James P. Womack, founder of the Lean Enterprise Institute, recently gave a very important talk at the 2016 Lean Transformation Summit. View the video or slides of his talk. I’d like to call your attention to slides 11, 12, and 13 – especially number 13. It seems the Lean Enterprise Institute’s advice for the next 25 years can be summed up as this:
- Keep doing what we have told you to do in the past: value stream maps, A3 reports, and PDCA
In the little picture, it makes sense to do what is in your control and to ignore things that are out of your control. Although, I recommend that you instead focus on kaizen, because kaizen is the most powerful thing you can do. It is the core of Lean.

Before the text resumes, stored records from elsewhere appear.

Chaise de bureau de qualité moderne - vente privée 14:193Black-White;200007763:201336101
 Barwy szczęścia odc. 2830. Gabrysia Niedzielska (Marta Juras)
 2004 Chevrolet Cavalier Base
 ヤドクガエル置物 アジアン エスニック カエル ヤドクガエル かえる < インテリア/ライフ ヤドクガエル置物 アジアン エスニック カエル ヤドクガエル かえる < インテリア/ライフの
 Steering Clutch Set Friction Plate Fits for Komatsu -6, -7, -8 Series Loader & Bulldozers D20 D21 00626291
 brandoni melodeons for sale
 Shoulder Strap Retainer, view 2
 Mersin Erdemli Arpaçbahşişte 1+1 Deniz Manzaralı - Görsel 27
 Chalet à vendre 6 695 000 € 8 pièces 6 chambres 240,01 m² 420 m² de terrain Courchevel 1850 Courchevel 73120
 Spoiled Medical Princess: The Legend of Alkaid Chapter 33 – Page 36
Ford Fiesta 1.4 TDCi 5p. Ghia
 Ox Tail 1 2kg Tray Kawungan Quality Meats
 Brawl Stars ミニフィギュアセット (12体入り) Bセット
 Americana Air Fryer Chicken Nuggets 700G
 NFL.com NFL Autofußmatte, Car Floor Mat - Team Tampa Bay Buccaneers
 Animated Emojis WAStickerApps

But in the big picture, continuing to do what has previously been done, with meager results, seems ill-advised. The big problems that have long followed the Lean movement are, apparently, simply to be ignored.
The big problems include:
- Lean transformation process failures and failure analysis
- How classical economics cripples the understanding and spread of Lean management
- Perpetual confusion between Lean and TPS
- Widespread existence of Fake Lean
- Brushing aside worker’s criticisms of Lean
- Ignoring strategic errors
- Not learning from mistakes
- Not learning from history
- And other abnormal conditions
For the global leaders of a movement that professes a scientific way of thinking and attentiveness to problems and problem-solving, ignoring the big problems associated with the Lean movement is a remarkably unscientific approach to advancing the understanding and practice of Lean management.
We can do better in the next 25 years than that, but it will take better leadership and more teamwork.